Une panne des sondes de mesure de vitesse... L'analyse des "boîtes noires" de l'Airbus 330 retrouvées au fond de l'Atlantique en mai 2011 a montré que l'accident était parti du givrage des sondes de mesure de vitesse "Pitot", fabriquées par Thales. Le rapport du BEA conclut que l'accident résulte notamment d'une "incohérence temporaire entre les vitesses mesurées, vraisemblablement à la suite de l'obstruction des sondes Pitot".

… Engendrant une défaillance du "fly director". "Il apparaît que les pilotes ont suivi une fausse information diffusée sur les écrans par le directeur de vol", a commenté Robert Soulas, président de l’Association "Entraide et Solidarité AF447" au micro d’Europe 1. Le directeur de vol, ou fly director, est une croix qui se déplace sur un écran et indique aux pilotes la position de l'avion. "Cette croix, d'après le BEA, s'est mise dans une position inadéquate", a expliqué Robert Soulas. "Ceci a incité les pilotes à réagir et à cabrer l'appareil alors qu'il était déjà très cabré".
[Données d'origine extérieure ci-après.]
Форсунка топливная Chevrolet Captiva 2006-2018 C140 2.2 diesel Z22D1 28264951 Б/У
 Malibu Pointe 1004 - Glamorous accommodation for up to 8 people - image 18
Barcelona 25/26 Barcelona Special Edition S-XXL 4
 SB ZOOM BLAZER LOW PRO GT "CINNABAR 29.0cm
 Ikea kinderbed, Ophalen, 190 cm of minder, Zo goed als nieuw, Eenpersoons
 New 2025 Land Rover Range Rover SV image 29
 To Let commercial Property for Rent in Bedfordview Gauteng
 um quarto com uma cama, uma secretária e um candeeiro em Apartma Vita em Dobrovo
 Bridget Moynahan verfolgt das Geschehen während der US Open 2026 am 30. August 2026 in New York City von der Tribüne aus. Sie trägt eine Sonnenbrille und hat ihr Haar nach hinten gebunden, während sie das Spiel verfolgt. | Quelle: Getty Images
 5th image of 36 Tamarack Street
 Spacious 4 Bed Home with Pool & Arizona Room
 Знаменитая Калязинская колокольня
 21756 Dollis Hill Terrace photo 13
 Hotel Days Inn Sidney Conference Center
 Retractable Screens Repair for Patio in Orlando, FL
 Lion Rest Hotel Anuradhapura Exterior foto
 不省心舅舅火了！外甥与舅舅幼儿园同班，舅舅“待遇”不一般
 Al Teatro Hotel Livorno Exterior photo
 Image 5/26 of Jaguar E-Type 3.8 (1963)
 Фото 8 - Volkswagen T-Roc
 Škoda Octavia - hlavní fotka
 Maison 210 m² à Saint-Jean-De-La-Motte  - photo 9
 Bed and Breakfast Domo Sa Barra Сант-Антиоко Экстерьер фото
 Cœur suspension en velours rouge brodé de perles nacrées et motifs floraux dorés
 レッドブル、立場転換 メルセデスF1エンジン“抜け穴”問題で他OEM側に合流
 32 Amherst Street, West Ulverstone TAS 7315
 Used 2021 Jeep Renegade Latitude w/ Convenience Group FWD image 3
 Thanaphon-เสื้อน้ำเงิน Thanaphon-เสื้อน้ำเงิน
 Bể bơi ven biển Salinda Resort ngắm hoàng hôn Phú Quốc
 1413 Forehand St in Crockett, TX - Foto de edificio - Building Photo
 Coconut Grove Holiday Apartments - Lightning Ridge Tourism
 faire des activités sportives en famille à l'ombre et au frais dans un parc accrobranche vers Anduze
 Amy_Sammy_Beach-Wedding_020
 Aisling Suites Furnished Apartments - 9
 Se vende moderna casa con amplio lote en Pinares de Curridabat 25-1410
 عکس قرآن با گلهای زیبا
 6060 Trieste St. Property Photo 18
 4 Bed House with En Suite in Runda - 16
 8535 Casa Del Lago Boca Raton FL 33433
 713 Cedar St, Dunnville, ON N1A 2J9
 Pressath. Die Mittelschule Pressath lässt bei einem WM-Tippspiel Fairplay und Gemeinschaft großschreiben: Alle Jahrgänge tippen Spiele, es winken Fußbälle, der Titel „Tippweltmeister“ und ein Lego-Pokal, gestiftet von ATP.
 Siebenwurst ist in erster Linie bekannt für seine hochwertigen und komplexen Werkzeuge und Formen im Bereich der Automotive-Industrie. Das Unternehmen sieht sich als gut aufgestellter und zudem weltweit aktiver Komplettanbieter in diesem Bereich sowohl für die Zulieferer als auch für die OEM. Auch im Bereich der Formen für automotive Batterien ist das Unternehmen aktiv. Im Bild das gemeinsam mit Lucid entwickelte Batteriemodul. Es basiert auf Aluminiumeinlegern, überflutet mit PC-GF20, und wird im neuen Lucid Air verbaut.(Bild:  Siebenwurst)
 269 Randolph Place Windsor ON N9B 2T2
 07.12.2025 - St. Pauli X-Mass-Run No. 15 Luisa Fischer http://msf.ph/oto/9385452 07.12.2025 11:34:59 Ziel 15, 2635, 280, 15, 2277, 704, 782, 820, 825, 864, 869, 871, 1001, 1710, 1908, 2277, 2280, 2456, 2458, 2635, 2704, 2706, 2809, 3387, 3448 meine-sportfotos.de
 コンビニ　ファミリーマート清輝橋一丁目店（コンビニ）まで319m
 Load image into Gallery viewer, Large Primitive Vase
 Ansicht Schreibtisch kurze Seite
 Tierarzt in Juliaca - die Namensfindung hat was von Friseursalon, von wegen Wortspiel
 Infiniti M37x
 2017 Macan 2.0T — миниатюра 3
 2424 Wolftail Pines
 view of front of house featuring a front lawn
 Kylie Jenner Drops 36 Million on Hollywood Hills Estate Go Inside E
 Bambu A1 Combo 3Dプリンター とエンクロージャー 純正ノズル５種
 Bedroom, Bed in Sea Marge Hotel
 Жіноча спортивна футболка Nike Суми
Des lacunes des systèmes d'alarme. Les enquêteurs se sont par ailleurs efforcés d'expliquer pourquoi l'équipage n'a pas pris en compte l'alarme de décrochage ("stall") qui a retenti à de multiples reprises. Cela peut être "la conséquence de l'absence d'identification de l'alarme sonore, de l'apparition au début de l'événement d'alarmes furtives pouvant être considérées comme non pertinentes", conclut le BEA.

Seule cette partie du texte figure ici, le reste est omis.